We next asked whether this mutant G-CSF receptor was functional and could modulate cellular responses. The patient's PB-MNCs were cultured, both with and without rh-G-CSF as the only growth factor. In the cultures containing rh-G-CSF, we observed small clusters of relatively large, dividing cells (Figure 2g). Flow cytometric analysis on day 7 revealed a population of cells homogenous in scatter properties (medium forward scatter and low side scatter) but consisting of CD14+ and CD14 cells (Figure 2f and h). For further characterization of these cells, we sorted CD14 high expressing cells (sorting regions A and C; Figure 2f and h) and CD14-negative cells (sorting regions A and B). We confirmed monocytic morphology by Giemsa staining on cytocentrifuged cells and performed karyotype analysis using FISH. CD14 high expressing cells had a monocytic morphology, and the CD14 cells were immature myeloblasts (Figure 2e, insets). Both populations demonstrated monosomy 7 in all cells analyzed, arguing for a common progenitor and continuous maturation of immature cells of the leukemic clone to monocytic CMML cells. During the second week in culture, the percentage of CD14+ cells increased to over 80%. The cells differentiated into large cells of monocyte/macrophage morphology, which constitute a nearly uniform population at day 14 (Figure 2i–l). These cells (100%) revealed monosomy 7 by FISH analysis (Figure 2n) and expressed the G-CSFR on the cell surface as proven by flow cytometry (Figure 2m). In contrast to the results on day 0, wild-type G-CSFR was not detectable in genomic DNA extracted from the sorted CD14+ population on day 14 (0 out of 51 clones), arguing for a loss of the wild-type allele in the leukemic progenitors.

Figure 2

In vitro culture of MNCs of patient 1 with or without rh-G-CSF. MNCs of the patient were cultured with or without G-CSF as indicated in the text and analyzed on day 7 (a–d: no G-CSF; e–h: 50 ng/ml G-CSF) and day 14 (i–n: 50 ng/ml G-CSF). Cytospins from the indicated cultures were stained with May–Gruenwald–Giemsa (a, e, i) and were analyzed flow cytometrically for their light scatter properties (b, f, j), for viability (PI exclusion), and for CD14 expression (d, h, l: CD14 staining of PI-negative cells). Phase contrast light microscopy of the cultures (c, g, k) demonstrated small clusters of proliferating cells on day 7 (g). CD14+/PI (h, region C) and CD14/PI cells (h, region B) of the cell population with medium forward scatter and low side scatter (f, region A) were sorted on day 7 for further analysis (see text). CD14-positive cells from day 14 expressed G-CSFR as demonstrated by double staining with CD114 (m) and showed one chromosome 7 signal per cell as demonstrated by FISH (n).

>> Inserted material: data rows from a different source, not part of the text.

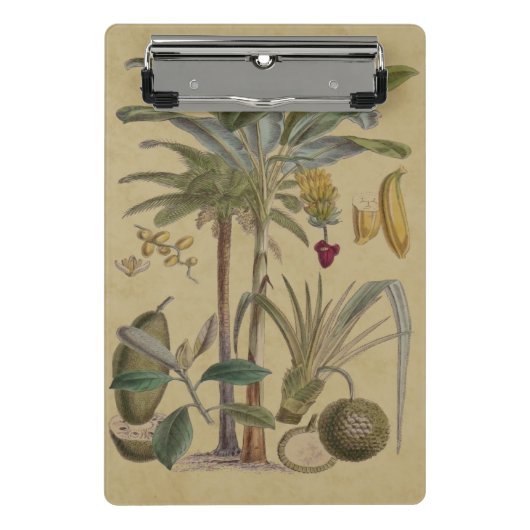 Mini Porte-bloc Palm Antique Fruit Tropical Art Botanique (Devant)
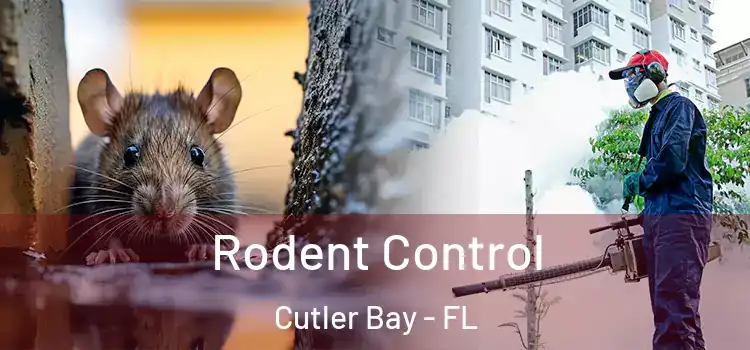 Rodent Control Cutler Bay - FL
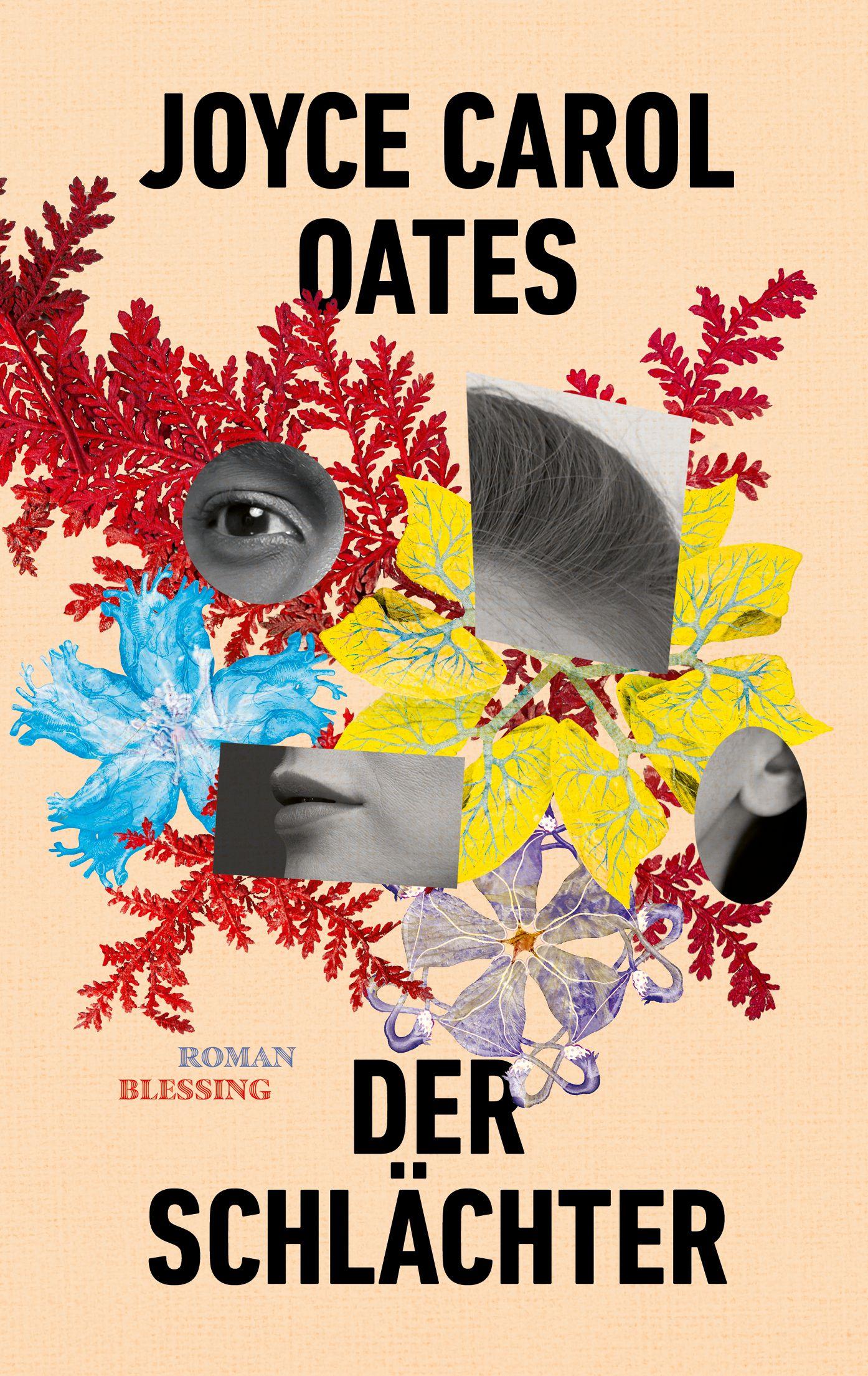 Vorderes Coverbild Der Schlächter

In contrast, in cultures lacking G-CSF, most cells died during the first 7 days of culture (Figure 2a–d). The viability was about 20% compared to the presence of G-CSF and there was no expansion of immature cells on day 7 (Figure 2a). The culture consisted mainly of lymphocytes and mature monocytes/macrophages as judged by morphology; karyotype analysis revealed disomy 7 in all living cells analyzed. The cells also differentiated along the monocytic/macrophage lineage, suggesting that this process is growth factor-independent and addition of rh-G-CSF resulted in an expansion rather than in differentiation of progenitor cells.

As a control, we cultivated PB-MNCs from normal donors (n=4), both with and without G-CSF. The cell number dropped markedly over the first 7 days of culture independent of the addition of rh-G-CSF (data not shown), and the percentage of CD14+ cells decreased to below 10% of the value at day 0. In the presence of G-CSF, a slightly higher proportion of cells became CD14 positive compared to cultures lacking G-CSF. However, there was no proliferation of either CD14+ or CD14 cells in both cultures.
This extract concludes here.